Y si el guión es fundamental para el humor, no menos es el reparto, encabezado por el veterano actor Brendan Gleeson (Gangs of New York) como el héroe, Gerry Boyle, un policía que no pasa por ningún libro conocido de la ley, y desde el principio, cuando se encuentra con un cadaver, deja claro que no estamos ante una típica comedia políciaca, sino que tiene un humor ácido, necesario en el cine actual.
Al mismo tiempo tenemos que además de ser alegre es un cascarrabias, que vive solo, y visita con regularidad a su madre, con una enfermedad terminal (Fionnula Flanagan) en un hogar de ancianos. De vez en cuando disfruta de una pinta o nadando con un traje de neopreno en aguas profundas, e incluso empleando los servicios de prostitutas de Dublín.

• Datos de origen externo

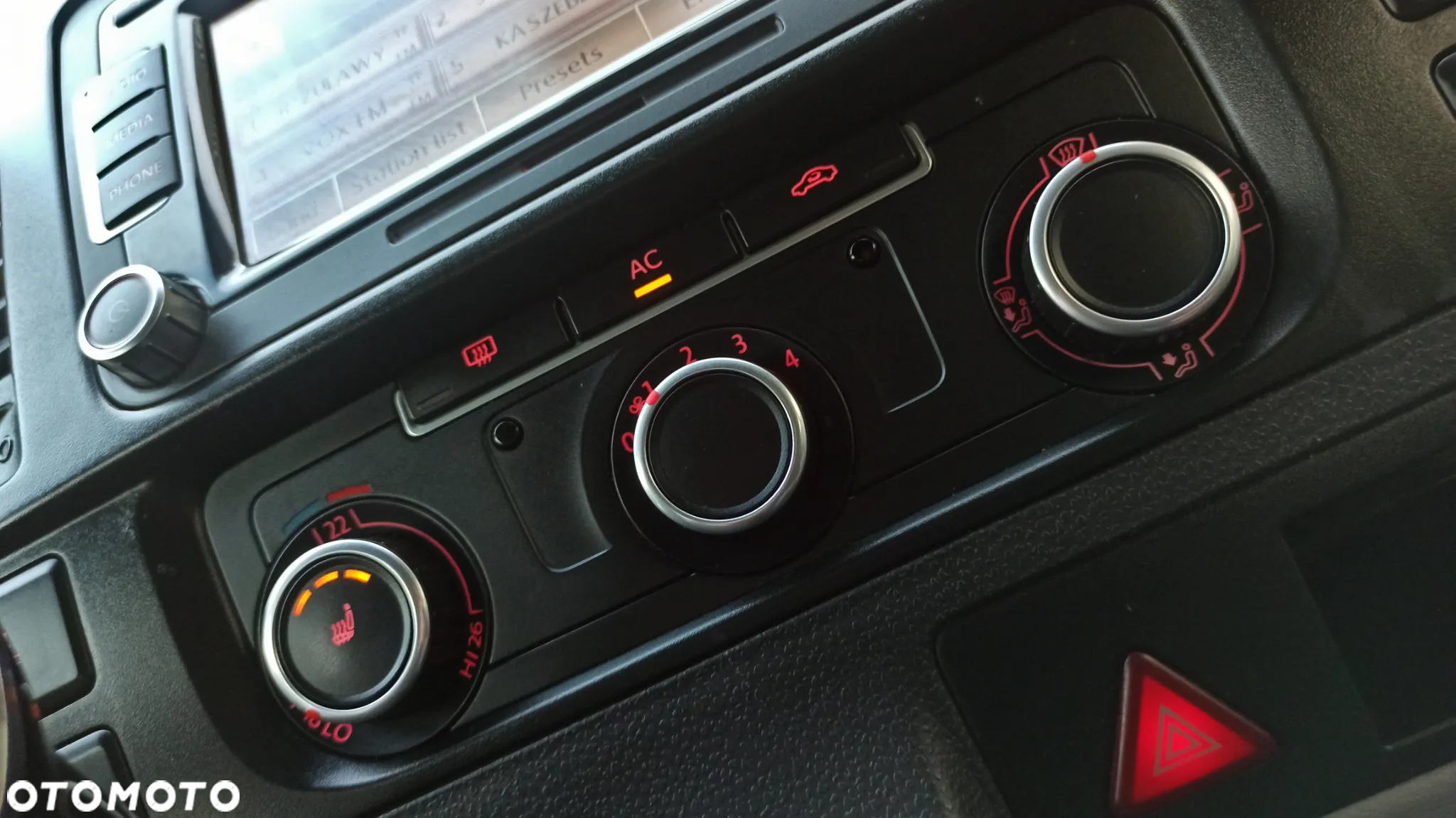 Volkswagen Transporter - 13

Su personaje entra en contraposición a su nuevo compañero, recién llegado de Dublín (Rory Keenan), asi como al del agente del FBI, y muy profesional, Wendell Everett, interpretado por Don Cheadle, con el cual vivimos algunas de las secuencias de más humor de la película, pues tener juntos a este agente de color, junto al racista protagonista, deja perlas de las que Boyle tan sólo puede defenderse argumentando: “Yo soy irlandés. El racismo es parte de mi cultura”.
Tras la primera serie de choques culturales, Wendell y Gerry descubren, gracias al alcohol, que no son tan diferentes, pues ambos luchan contra la corrupción institucional generalizada. 
The Guard rebosa talento y frescura que va más allá del guión inteligente, con un paisaje de ensueño, melancólico banda sonora, y una gran fotografía.